** WHAT YOU NEED TO DO **
Look through the entries below for the line that contains "Maj. Gen. Lena", then set down that line and each one after it exactly, through the last.

** PROVIDED RECORDS **
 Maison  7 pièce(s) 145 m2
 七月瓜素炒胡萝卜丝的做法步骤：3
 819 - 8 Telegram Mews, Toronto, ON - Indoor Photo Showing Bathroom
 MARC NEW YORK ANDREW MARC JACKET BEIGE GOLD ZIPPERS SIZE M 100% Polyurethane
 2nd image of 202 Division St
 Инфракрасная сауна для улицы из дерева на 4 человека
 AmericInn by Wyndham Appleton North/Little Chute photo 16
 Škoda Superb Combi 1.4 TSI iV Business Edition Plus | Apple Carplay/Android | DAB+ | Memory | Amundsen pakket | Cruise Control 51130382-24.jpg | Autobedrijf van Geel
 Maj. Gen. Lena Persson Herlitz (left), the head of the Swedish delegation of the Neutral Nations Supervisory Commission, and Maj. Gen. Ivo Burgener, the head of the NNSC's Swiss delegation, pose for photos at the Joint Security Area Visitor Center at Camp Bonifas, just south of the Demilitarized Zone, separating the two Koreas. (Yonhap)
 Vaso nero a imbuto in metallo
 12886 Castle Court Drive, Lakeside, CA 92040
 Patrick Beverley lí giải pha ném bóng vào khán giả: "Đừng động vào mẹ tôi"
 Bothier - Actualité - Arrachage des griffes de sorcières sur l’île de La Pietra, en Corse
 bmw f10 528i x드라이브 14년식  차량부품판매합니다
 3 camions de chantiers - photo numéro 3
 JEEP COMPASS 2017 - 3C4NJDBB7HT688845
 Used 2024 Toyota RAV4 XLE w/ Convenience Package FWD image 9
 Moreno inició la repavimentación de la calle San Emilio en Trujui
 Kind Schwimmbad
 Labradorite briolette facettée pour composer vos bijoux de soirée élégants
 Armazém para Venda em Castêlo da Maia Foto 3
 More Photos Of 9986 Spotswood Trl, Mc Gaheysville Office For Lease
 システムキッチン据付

** OUTPUT **
 Maj. Gen. Lena Persson Herlitz (left), the head of the Swedish delegation of the Neutral Nations Supervisory Commission, and Maj. Gen. Ivo Burgener, the head of the NNSC's Swiss delegation, pose for photos at the Joint Security Area Visitor Center at Camp Bonifas, just south of the Demilitarized Zone, separating the two Koreas. (Yonhap)
 Vaso nero a imbuto in metallo
 12886 Castle Court Drive, Lakeside, CA 92040
 Patrick Beverley lí giải pha ném bóng vào khán giả: "Đừng động vào mẹ tôi"
 Bothier - Actualité - Arrachage des griffes de sorcières sur l’île de La Pietra, en Corse
 bmw f10 528i x드라이브 14년식  차량부품판매합니다
 3 camions de chantiers - photo numéro 3
 JEEP COMPASS 2017 - 3C4NJDBB7HT688845
 Used 2024 Toyota RAV4 XLE w/ Convenience Package FWD image 9
 Moreno inició la repavimentación de la calle San Emilio en Trujui
 Kind Schwimmbad
 Labradorite briolette facettée pour composer vos bijoux de soirée élégants
 Armazém para Venda em Castêlo da Maia Foto 3
 More Photos Of 9986 Spotswood Trl, Mc Gaheysville Office For Lease
 システムキッチン据付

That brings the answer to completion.